Blog
June 24, 2019 Marie H.

Integrating with the Athena Health API

Integrating with the Athena Health API

Integrating with the Athena Health API

Privia Health is a physician enablement company — it manages practice operations for medical groups. That means integrating with EHR (electronic health record) systems, and one of the major ones we worked with was Athenahealth. I spent a good chunk of time building the Python integrations for appointment data, patient records, and scheduling. Here's what that actually looked like.

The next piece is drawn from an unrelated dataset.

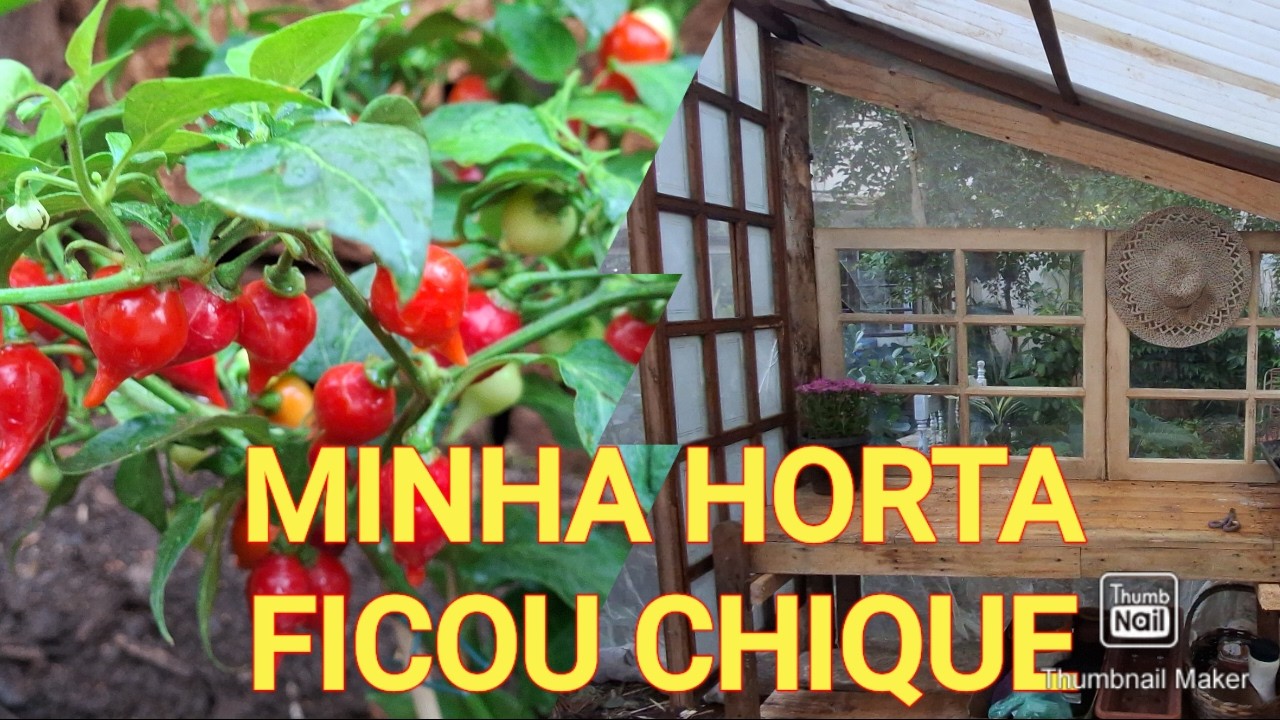TERMINEI A MINHA HORTA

What the Athenahealth API Is

Athenahealth is an EHR platform used by thousands of medical practices. Their REST API exposes resources for appointments, patient demographics, clinical documents, scheduling, and billing. For backend integrations — server-to-server, no user login flow — you use the OAuth2 client credentials grant.

The API is practice-scoped. Every URL includes a practiceid segment, and every credential set is authorized against specific practices. If you're building for a multi-practice group, you need to handle multiple practice IDs in your client.

OAuth2 Client Credentials Flow

import time
import requests
from typing import Optional


class AthenaAuthClient:
    """Handles OAuth2 client credentials token lifecycle."""

    TOKEN_URL_PROD = "https://api.platform.athenahealth.com/oauth2/v1/token"
    TOKEN_URL_SANDBOX = "https://api.preview.platform.athenahealth.com/oauth2/v1/token"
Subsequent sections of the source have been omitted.